U.S. Air Forces in Europe approved a request by RAF Lakenheath’s housing office for the money to help secure the 120-home neighborhood, following a security survey conducted by British police in October 2005. Since then, costly bids from contractors to install the upgrades forced the housing office to re-evaluate the project and look for cost-cutting measures.

Housing officials look to remedy these issues with property owners Circle Anglia housing group, according to Ian Lancaster, a housing official in charge of Thetford housing.

Lancaster said Circle Anglia currently is soliciting new bids for the upgrades, which include new garage door locks and higher fences around homes. To keep would-be thieves out of their garages, residents now park their vehicles inches from their garage doors and jam screwdrivers or bolts into the tracks of garage doors to prevent them from being swung open.
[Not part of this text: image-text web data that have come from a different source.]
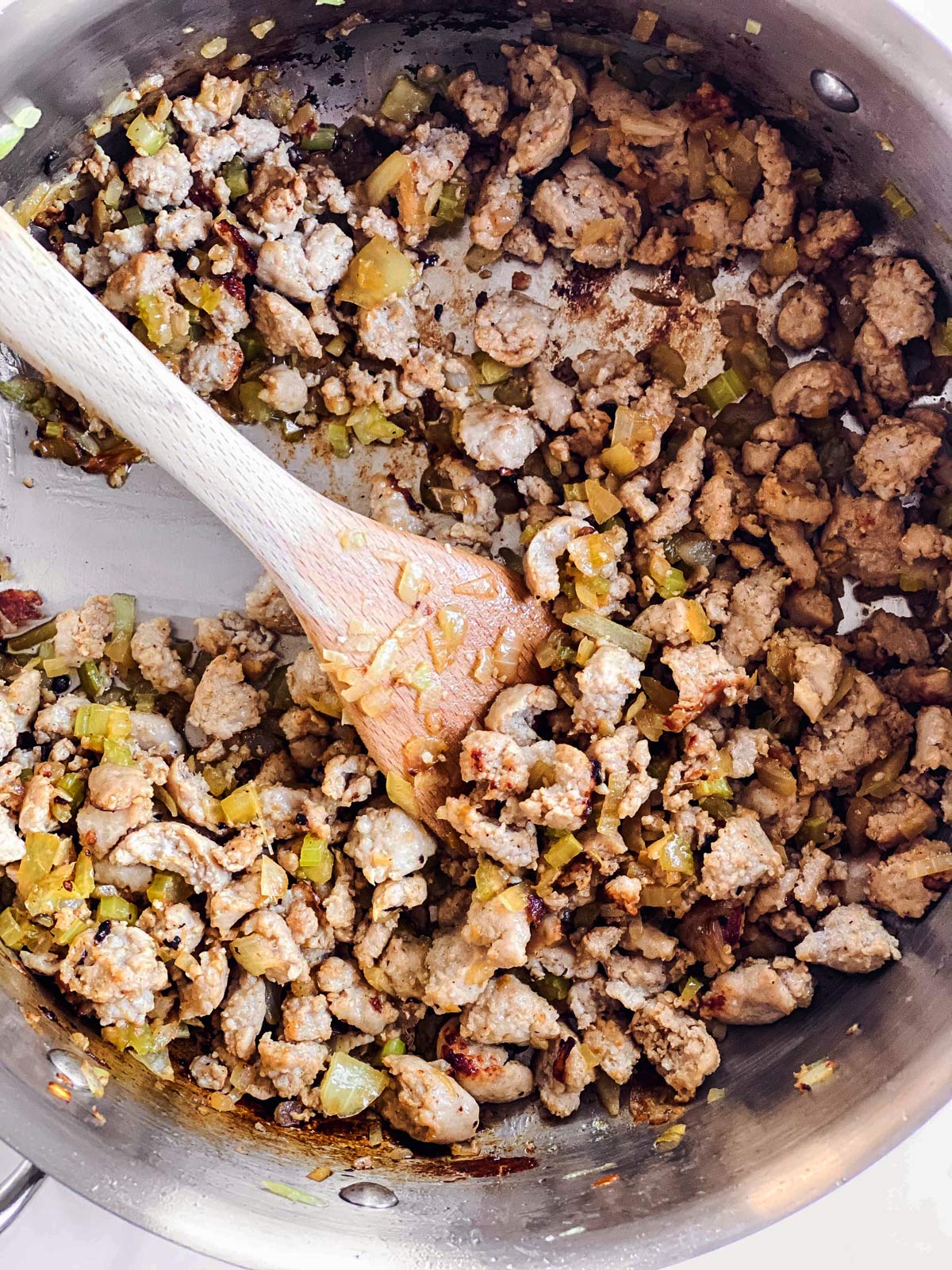 browned sausage and celery in skillet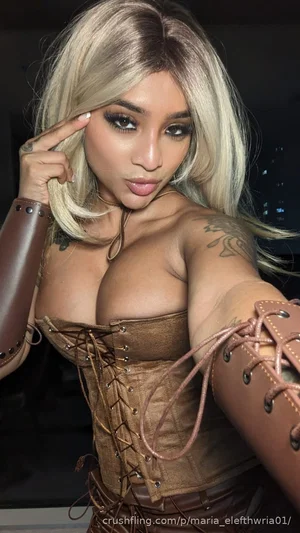 Woman with blonde hair in brown corset and arm sleeves, posing indoors.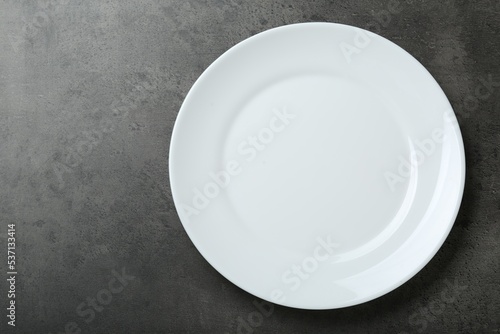 Empty white ceramic plate on grey table, top view. Space for text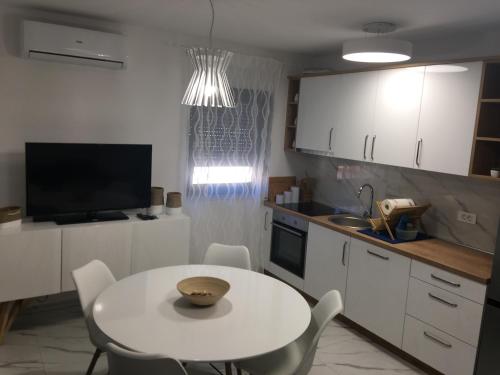 Kuchyň nebo kuchyňský kout v ubytování Apartmani Zlata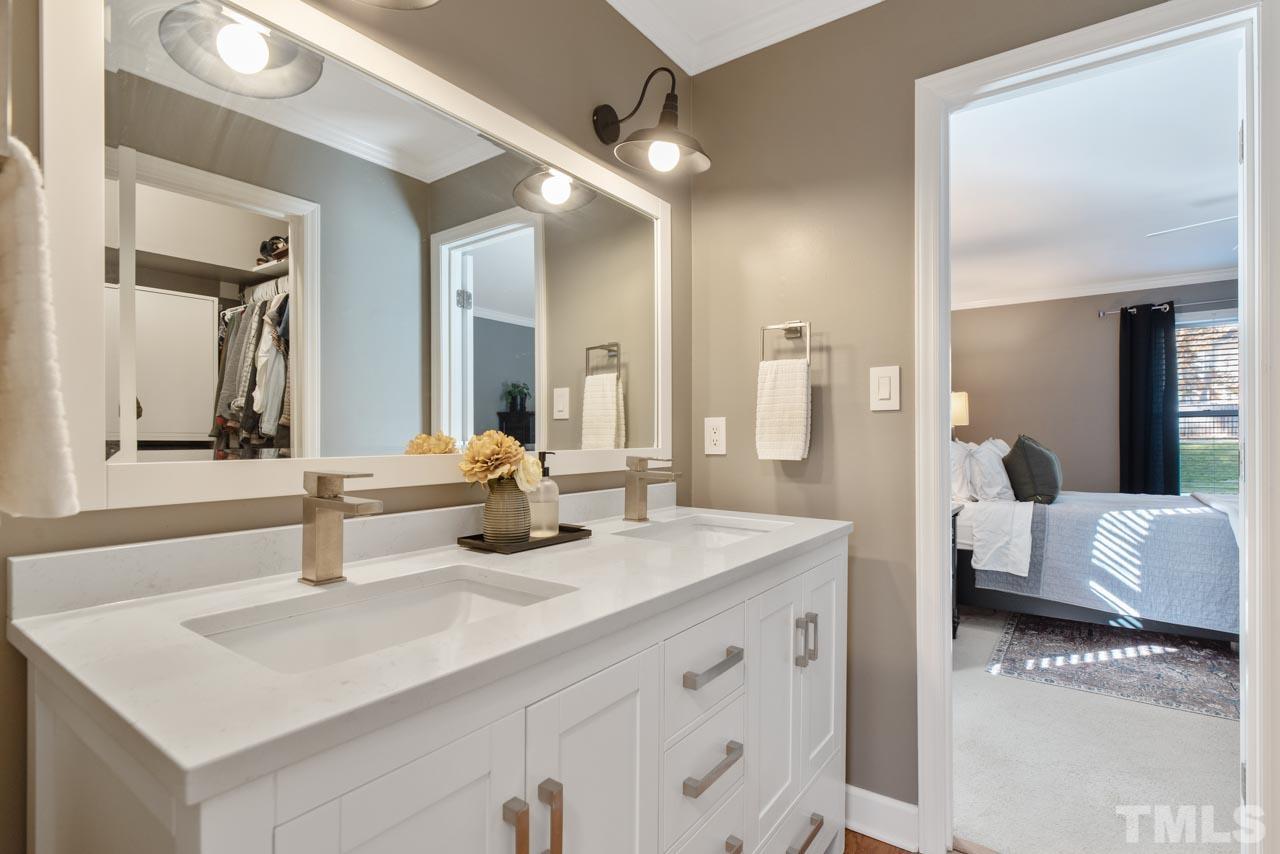 4309 Pleasant Grove Church Road Raleigh, NC 27613 - Photo 13 of 29 a bathroom with a sink and a mirror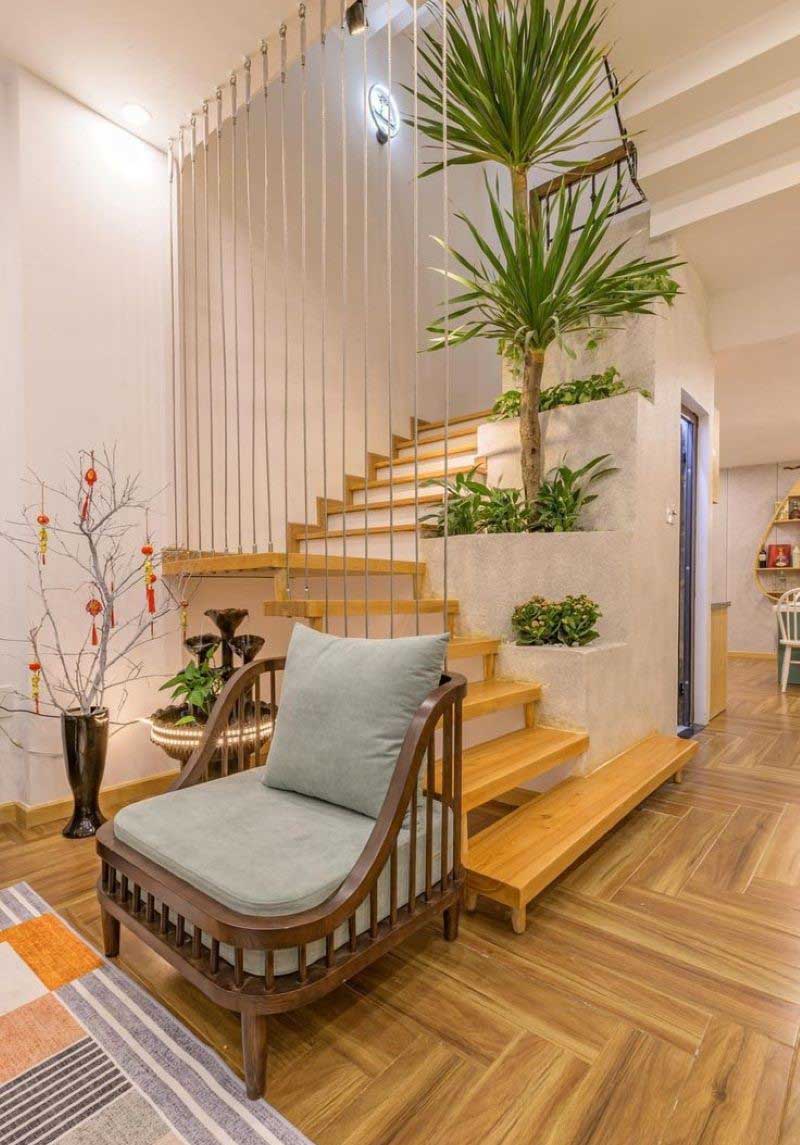Cầu thang gỗ hiện đại với cây xanh, ghế đệm thoải mái và sàn gỗ trong phòng khách ấm cúng.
Residents reported 14 thefts from vehicles and homes to the 48th Security Forces Squadron from December 2005 to December 2006. However, not all thefts are reported, security forces officials said.

The neighborhood is located one-half mile from Abbey Estates, a large British public housing project, which residents assume has been the source of vehicle and home burglaries in the past. Theft became such a problem that residents nicknamed the neighborhood, “Theftford.”
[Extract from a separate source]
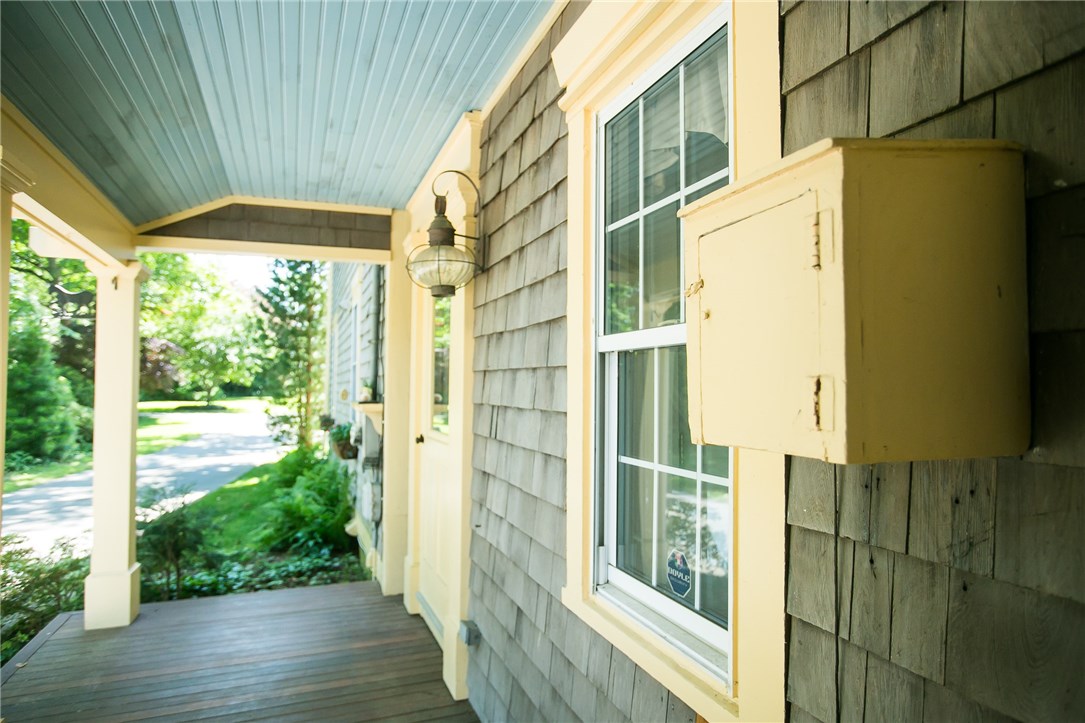 697 Middle Road Portsmouth, RI 02871 - Photo 35 of 38 Back Entrance has a mahogany porch floor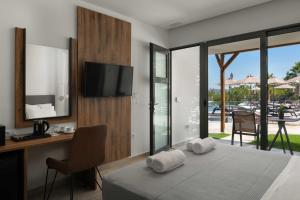 a bedroom with a bed and a desk with towels at Atalanti Boutique Hotel - Adults Only in Faliraki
In April, six months after the British review recommended additional security measures, some Thetford residents said they don’t bother reporting theft, because they see nothing happen in response to the incidents.

On the contrary, Lancaster said that housing officials work closely with local authorities to educate residents on safeguarding their belongings. Residents are also given one-hour briefings upon moving into their new homes, which include information on security.
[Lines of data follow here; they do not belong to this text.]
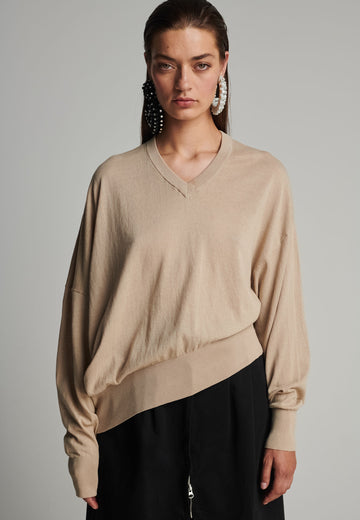 Cotton knitted loose jumper in camel. Features a v-neck, an asymmetric effect, and wide cuffs. True to size.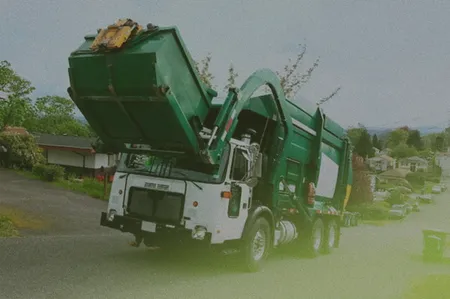 truck picking up a dumpster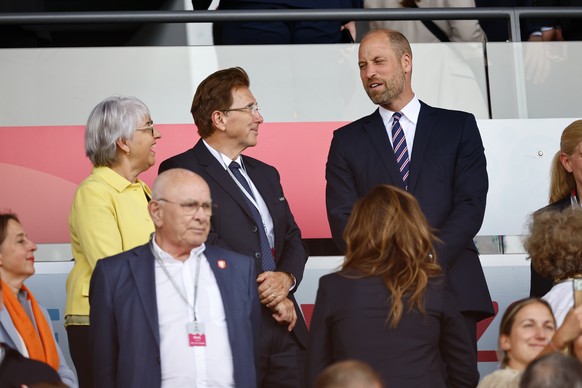 Swiss Federal Councillor Elisabeth Baume-Schneider, Martin Kallen, UEFA Events CEO, and Britain's Prince William, left to right, before the UEFA Women's EURO 2025 Group D soccer match betwee ...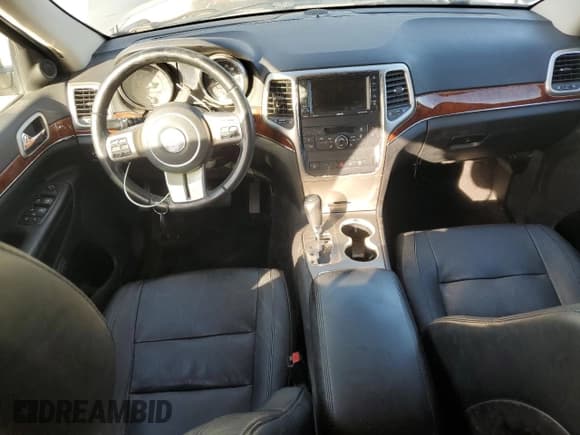 ✅ 2012 Jeep Grand Cherokee Limited • VIN: 1C4RJFBG9CC267710 • Лот: 92069085. Опубликован ранее на Copart с пробегом 211 969 миль. Бесплатный доступ к архиву аукционных продаж из США и подробный отчёт об истории автомобиля на DreamBid. Изображение 8.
Master Sgt. Tracy Brookens, the town mayor whose constituency covers the neighborhood, said he hasn’t heard of any thefts recently, but feels that low crime rates shouldn’t slow down the project’s completion.

“People are concerned. They’re always asking me when it’s going to happen,” he said.

One thing that Brookens would like to see is 8-foot fences built to replace the 2½-foot-high ones currently surrounding many of the homes.

“It’s just for peace of mind if nothing else,” he said.

Brookens attended a town mayors’ meeting earlier this month to check the status of the project.

“They’re actually working out the issue,” he said following the meeting. “It should kick off by spring.”

Public affairs officials prohibited Stars and Stripes from attending the meeting.

The project’s delay might actually end up saving the Air Force from paying for one fence, because a new hotel complex planned behind the houses might include a fence along its boundary, Lancaster said.

“By delaying our project we could reduce the cost to us and achieve the same goal,” said Lancaster, who plans to meet with hotel developers.

A spokeswoman for Circle Anglia didn’t want to comment on this project in its early stages.